** Opening Given material block **
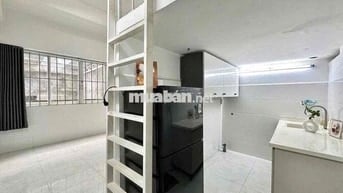 TRỐNG LẠI DUPLEX CỬA SỔ TRỜI FULL NỘI THẤT NGAY NGÃ TƯ BỐN XÃ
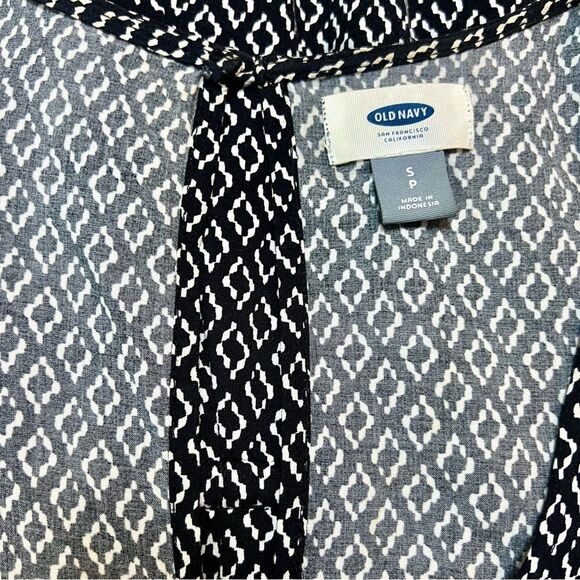 OLD NAVY Romper Jumper Pockets One Piece Black and White Size Small - Picture 6 of 8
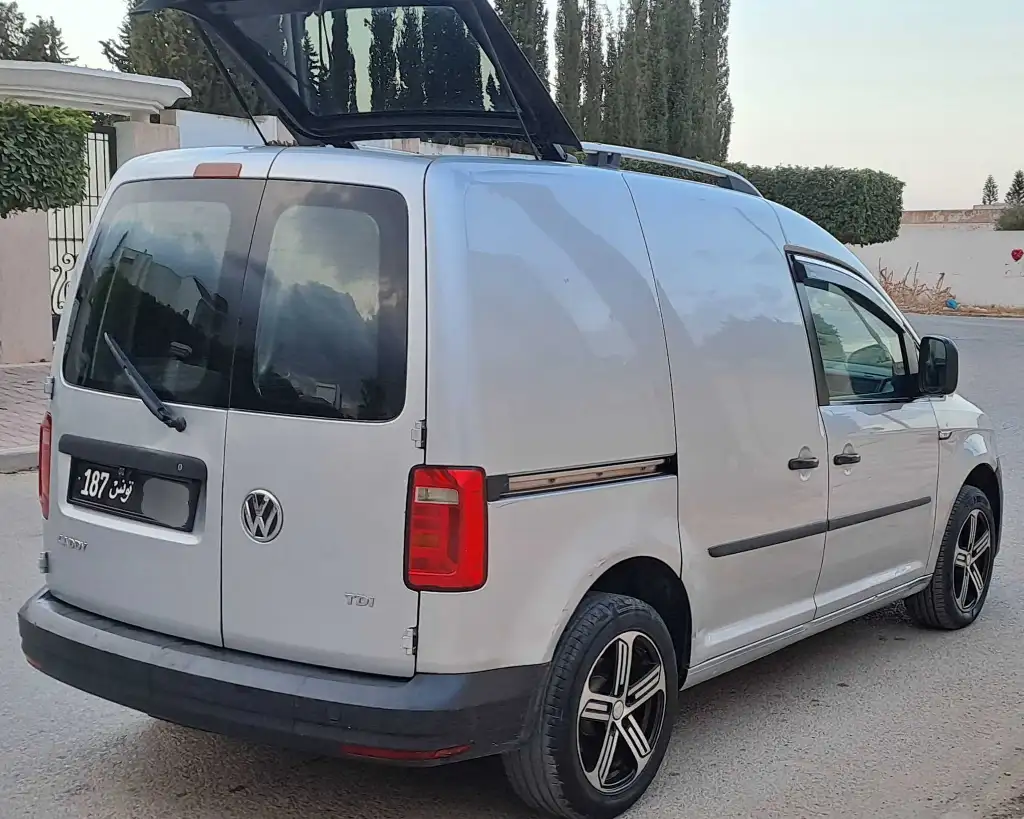 Caddy prestige 1.6 première main ✋️ 97.233.802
** Closing Given material block **
▸ **What needs to be done**: The expected answer is the full listing above, transcribed exactly and without pictures.

▸ **Written response**:
 TRỐNG LẠI DUPLEX CỬA SỔ TRỜI FULL NỘI THẤT NGAY NGÃ TƯ BỐN XÃ
 OLD NAVY Romper Jumper Pockets One Piece Black and White Size Small - Picture 6 of 8
 Caddy prestige 1.6 première main ✋️ 97.233.802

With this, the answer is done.